§ Information shown:
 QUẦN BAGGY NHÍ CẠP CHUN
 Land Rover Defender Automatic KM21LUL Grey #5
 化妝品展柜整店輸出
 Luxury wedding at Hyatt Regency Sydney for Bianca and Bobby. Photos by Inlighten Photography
* * *
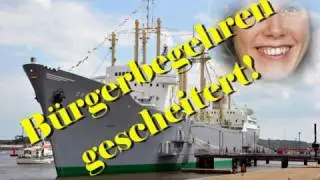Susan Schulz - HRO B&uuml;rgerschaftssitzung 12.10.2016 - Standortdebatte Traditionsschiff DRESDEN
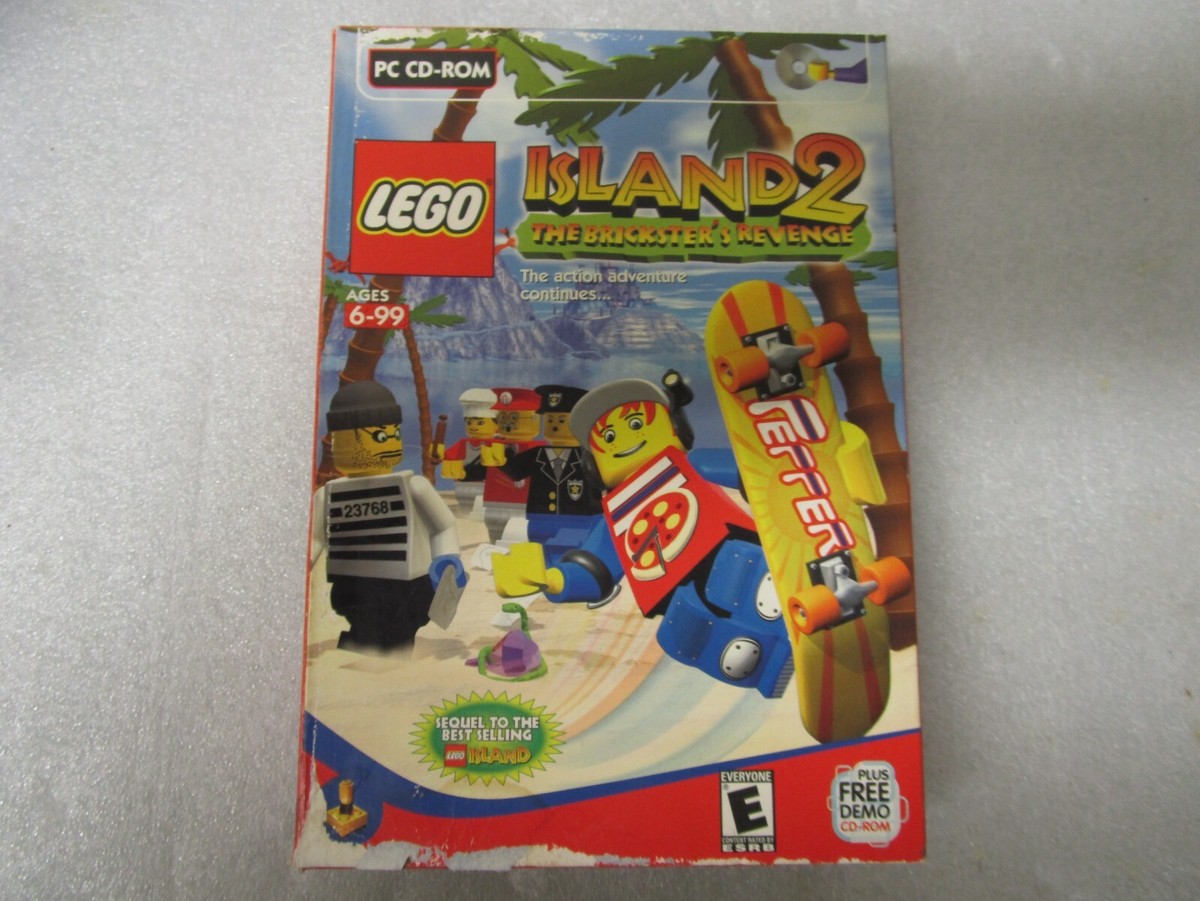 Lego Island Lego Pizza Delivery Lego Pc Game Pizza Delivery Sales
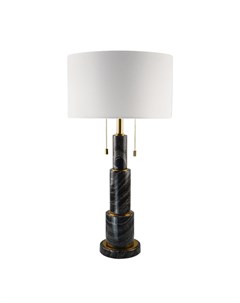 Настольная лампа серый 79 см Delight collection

§ What the task asks:
Only one stretch of the material above is wanted: the line containing "Susan Schulz - HRO" through the line containing "Настольная лампа серый". Restate it word for word, minus the pictures.

§ Reply to the exercise:
Susan Schulz - HRO B&uuml;rgerschaftssitzung 12.10.2016 - Standortdebatte Traditionsschiff DRESDEN
 Lego Island Lego Pizza Delivery Lego Pc Game Pizza Delivery Sales
 Настольная лампа серый 79 см Delight collection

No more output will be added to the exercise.